WHAT YOU ARE ASKED TO DO: Your output should be everything below from the line containing "Computing bit by" down to the line containing "So this is somewhat", both ends included, copied exactly, with pictures left out.

▬▬▬

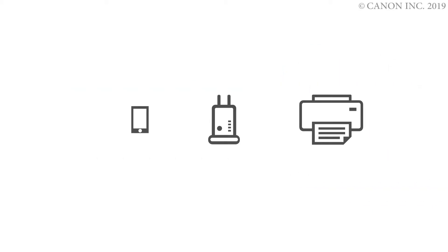In this video, we'll show you how to enable printing and scanning on your Android device. Follow these three steps.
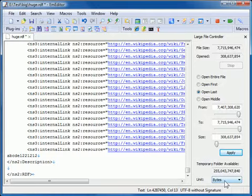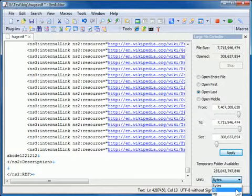With the Large File Controller, I can also monitor the temporary disk space available and the size of my file. I can also change the units between bytes and terabytes.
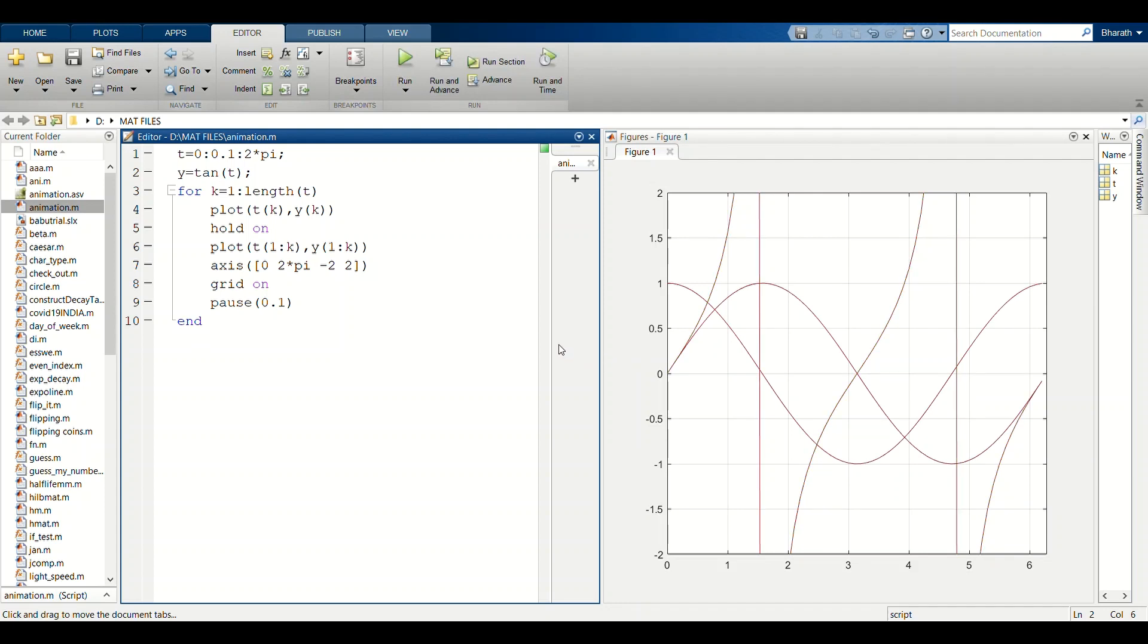Now we know how to animate a 2D plot in MATLAB. In further videos we can see how to do 3D animation plots.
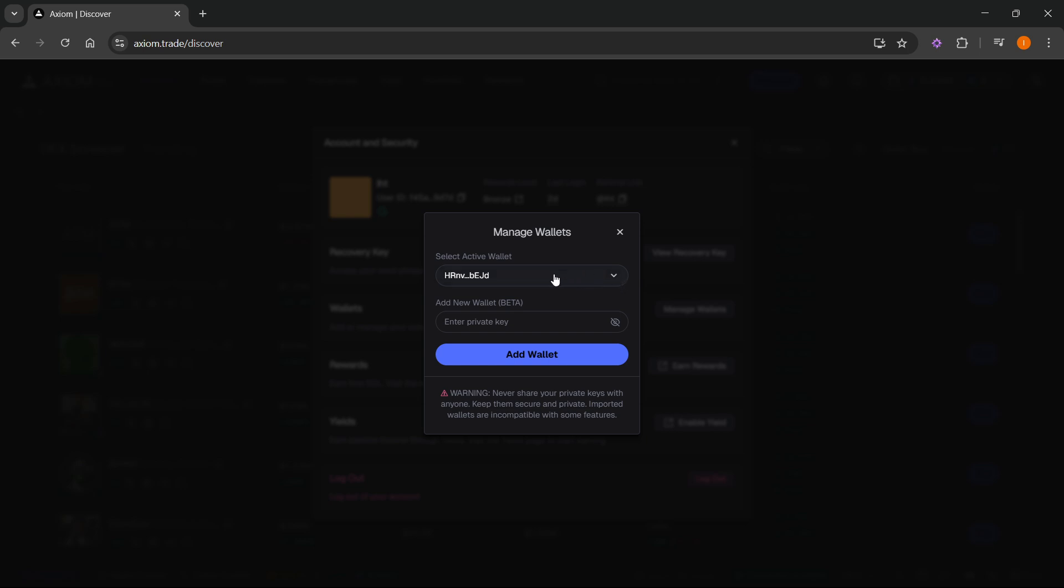And then if you click on the arrow or anywhere over here, you will see there will be now two different wallets. And you can switch between the first and the second one that was imported just now when you've done it.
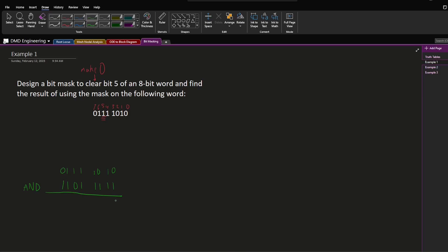Computing bit by bit: 0 AND 1 is 0, 1 AND 1 is 1, 0 AND 1 is 0, 1 AND 1 is 1, 1 AND 1 is 1, 1 AND 0 is 0, 1 AND 1 is 1, 0 AND 1 is 0. The result is the same as our starting word except bit 5 has been made 0, while all the other bits remain unchanged — exactly what we wanted.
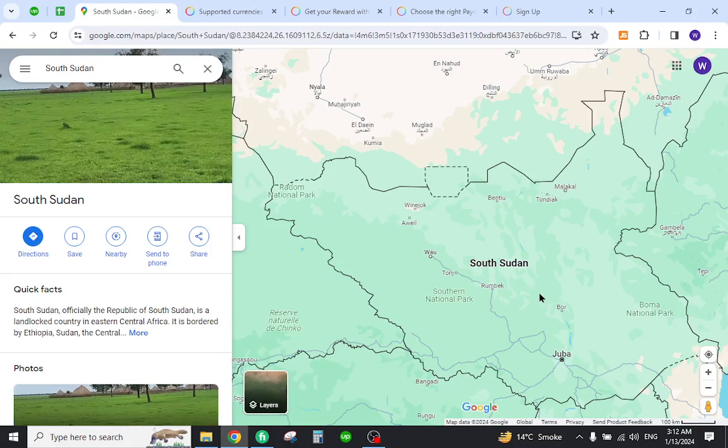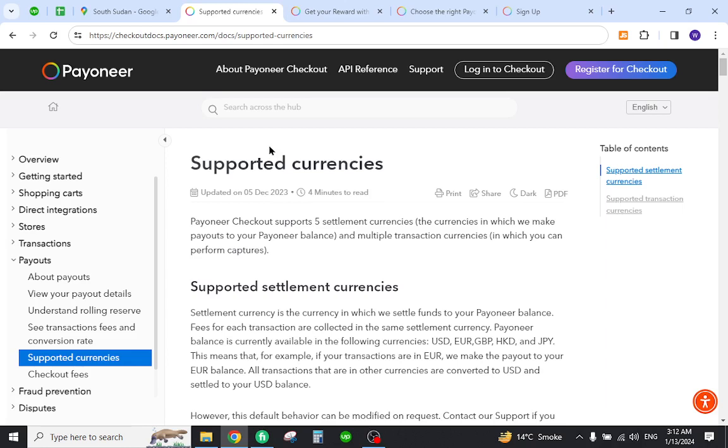Hello and welcome back to my channel. In today's video I will show you how to create your Payoneer account from South Sudan and send and receive payments from abroad. So let's get started, but first you must verify that the country is listed in the Payoneer supported currencies.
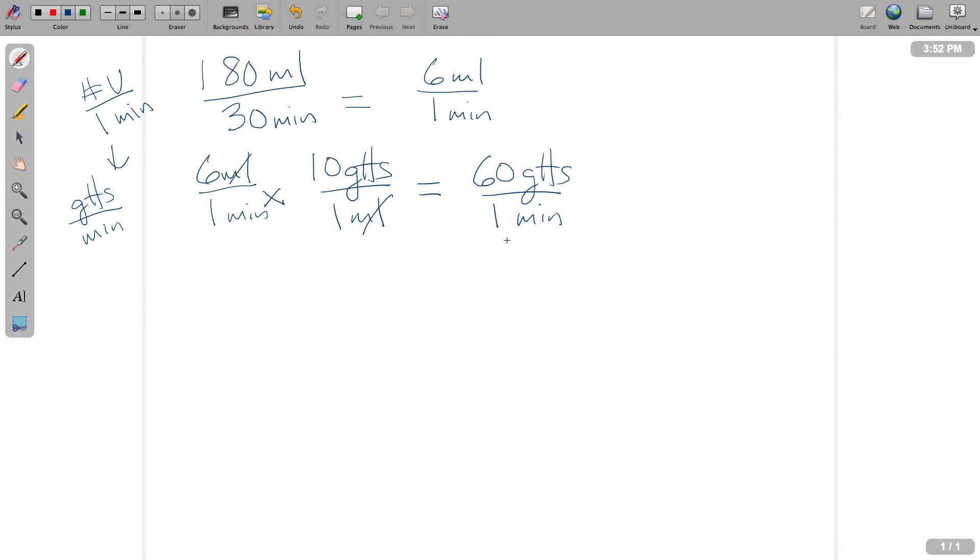So this is somewhat helpful. This is certainly the next step. Now we have to convert one more time, and we want to know how many drops every 1 second. So that'll be our final conversion.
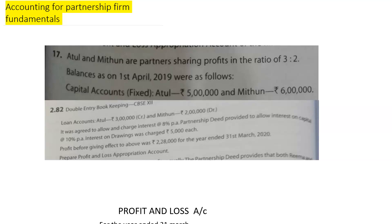Hey guys, what's up everyone? This is Umang Sharma from Aapka Sayaparthi. In today's session, we're going to do Class 12th T.S. Grewal's book, chapter Accounting for Partnership Firm, question number 17.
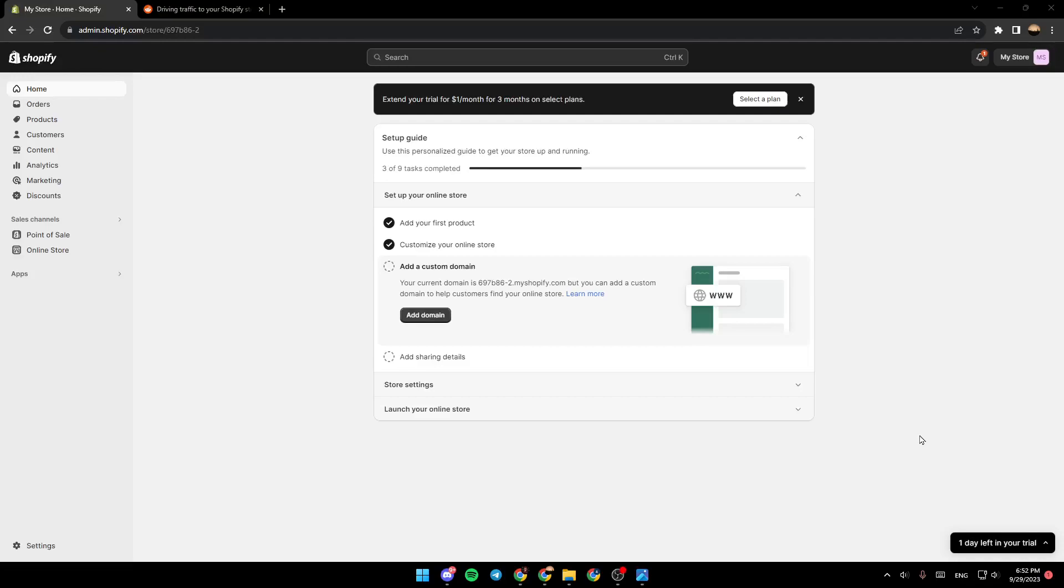Hello everyone, and welcome back to a new video. In this video, I'm going to show you how you can issue store credit on your Shopify store. If you want to learn how to do it, just follow the steps that I'm going to show you.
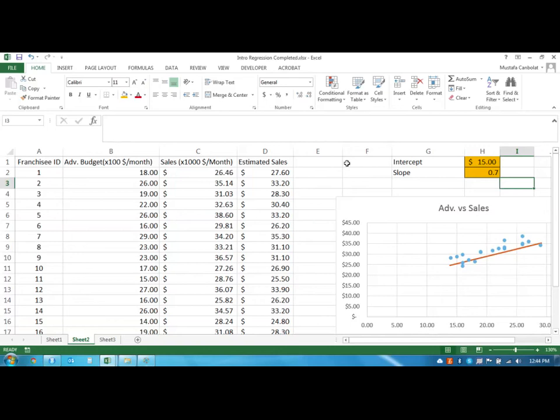Hi everyone, welcome. This is the second video on regression analysis. If you haven't watched the first one, I would recommend watching the first one first and then continue with this second video.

▬▬▬

OUTPUT FOR THIS TASK:
Computing bit by bit: 0 AND 1 is 0, 1 AND 1 is 1, 0 AND 1 is 0, 1 AND 1 is 1, 1 AND 1 is 1, 1 AND 0 is 0, 1 AND 1 is 1, 0 AND 1 is 0. The result is the same as our starting word except bit 5 has been made 0, while all the other bits remain unchanged — exactly what we wanted.
Hello and welcome back to my channel. In today's video I will show you how to create your Payoneer account from South Sudan and send and receive payments from abroad. So let's get started, but first you must verify that the country is listed in the Payoneer supported currencies.
So this is somewhat helpful. This is certainly the next step. Now we have to convert one more time, and we want to know how many drops every 1 second. So that'll be our final conversion.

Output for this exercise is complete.